Around the Region

Bill to revise state building codes gets favorable vote

By Mike Lange
Staff Writer

   AUGUSTA — Three bills came up before the Maine Legislature’s Labor, Commerce, Research and Economic Development Committee last week including two sponsored by Piscataquis County lawmakers.
   All three proposals sought to either eliminate or rein in the requirements of the Maine Uniform Building and Energy Code, known as MUBEC.

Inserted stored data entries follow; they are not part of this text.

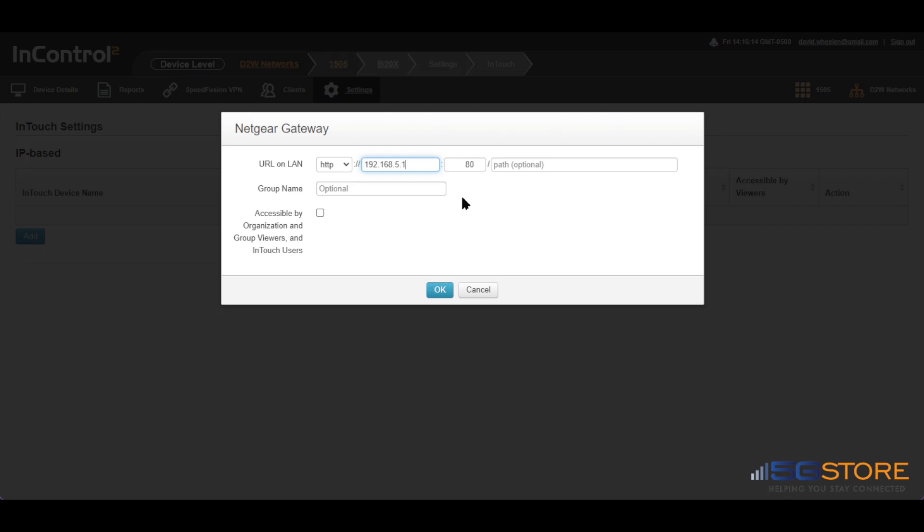The next field is optional. You may put an additional path for which to reach the device's web interface.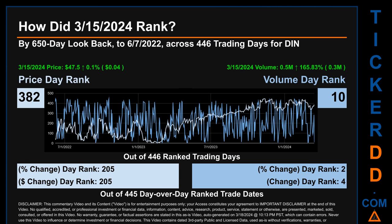Each of the 446 trading days were ranked amongst themselves by highest end-of-day price and volume, with a rank of 1 being the highest and 446 being the lowest. The price's day-over-day percentage change of 0.1% on March 15th, 2024 had a day rank of 205, while its dollar difference of four cents also had a rank of 205. Volume's percentage change and difference were ranked respectively at 2 and 4 when compared day-over-day across 445 trading days.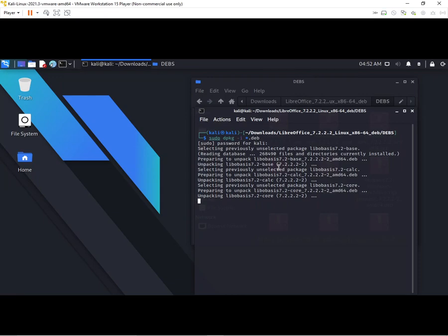Now it's unpacking the files, and we will wait till this unpacks everything. Because this is a somewhat larger file, it will take some time.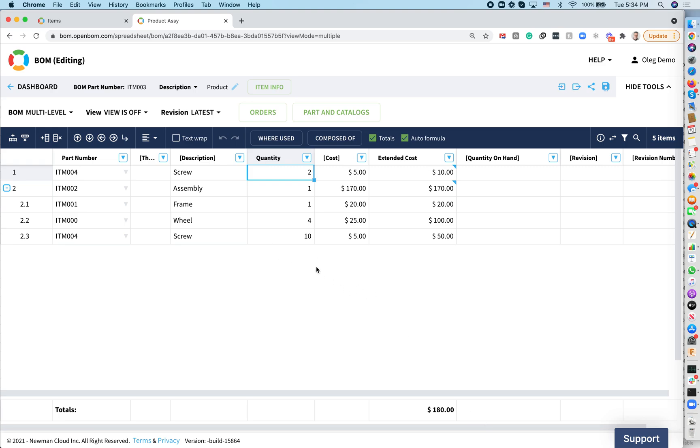Anything you change, OpenBOM will recalculate these values. And this is how you do cost rollup. Keep in mind, you can roll up any property in OpenBOM. It's a completely flexible data model. You can put mass, you can put volume, you can calculate anything you need.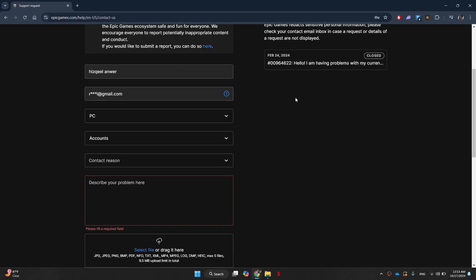So that's basically how you can change Epic Games email without verification. That's all for this video. Consider subscribing if you find it helpful, and I'll catch you in the next one. Thanks.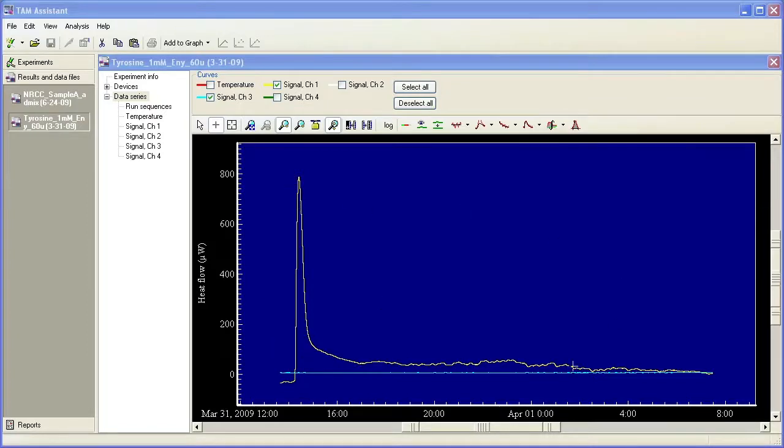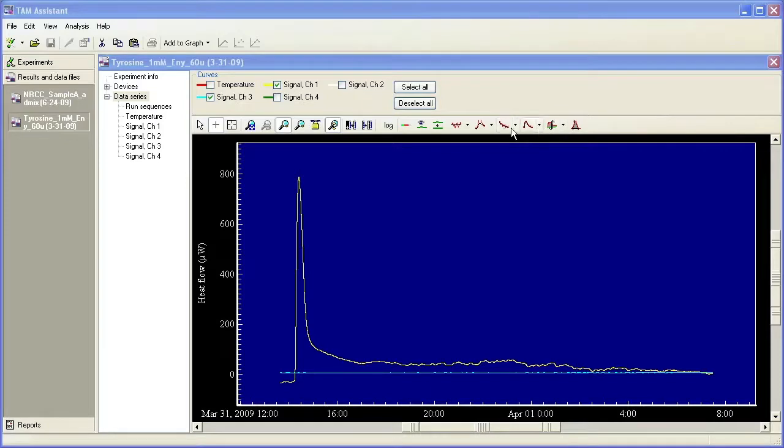Right now we just have the results open, and you can perform integrations or curve fitting procedures in the results file, but you won't be able to save the data.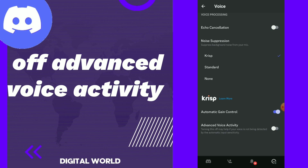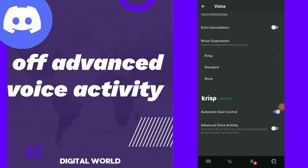So now you did turn off this option — easy and quick. And you can go back anytime and turn it on again if you want to. So this is it, guys.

   In the end, the committee reached a compromise; and most of what Higgins sought to accomplish received a close but favorable vote by the committee. Details will be hashed out in a legislative work session.
   Basically, Davis’ bill (LD 1120) would have eliminated MUBEC altogether while Higgins’ bill (LD 1093) would raise the population level of a town requiring mandatory enforcement of statewide building codes from 4,000 to 5,000.
   The third bill, sponsored by Sen. Amy Volk of Scarborough, would have simply changed the language of the current law from “shall enforce” to “may enforce” instead.
   Higgins pointed out that Dover-Foxcroft is the “only town within a 40-mile radius where MUBEC is mandated. Imagine two required inspections if you replace the decking on your porch. It’s expensive, time-delaying and aggravating.”
   Among those who testified in favor of changing the mandated inspections at an earlier committee hearing was Dover-Foxcroft Town Manager Jack Clukey.
   “If you want to renovate an old building in a downtown area and don’t want to have to meet MUBEC requirements, then you can’t do the project in Dover-Foxcroft,” Clukey told the committee. “If you absolutely want to put up a new building in Dover-Foxcroft and you don’t want to have to hire a third party inspector to sign off on MUBEC, then you’ll be forced to put up a prefabricated building.”
   Clukey pointed out that Dover-Foxcroft issued 88 building permits in 2011, the year before MUBEC went into effect. In 2012, the number dropped to 53; and during the past 10 months, the town only issued 43.
   On May 5, the committee voted “ought to pass as amended” on LD 1191 by a “slender majority vote along party lines, with the committee’s independent legislator joining the panel’s Republicans in support,” according to the Maine Municipal Association.
   The amended version of LD 1191 would allow the legislative body of municipalities between 4,000 and 10,000 to opt-out of an obligation to enforce MUBEC.
   The committee then voted “ought not to pass” on Davis’ bill to repeal MUBEC altogether.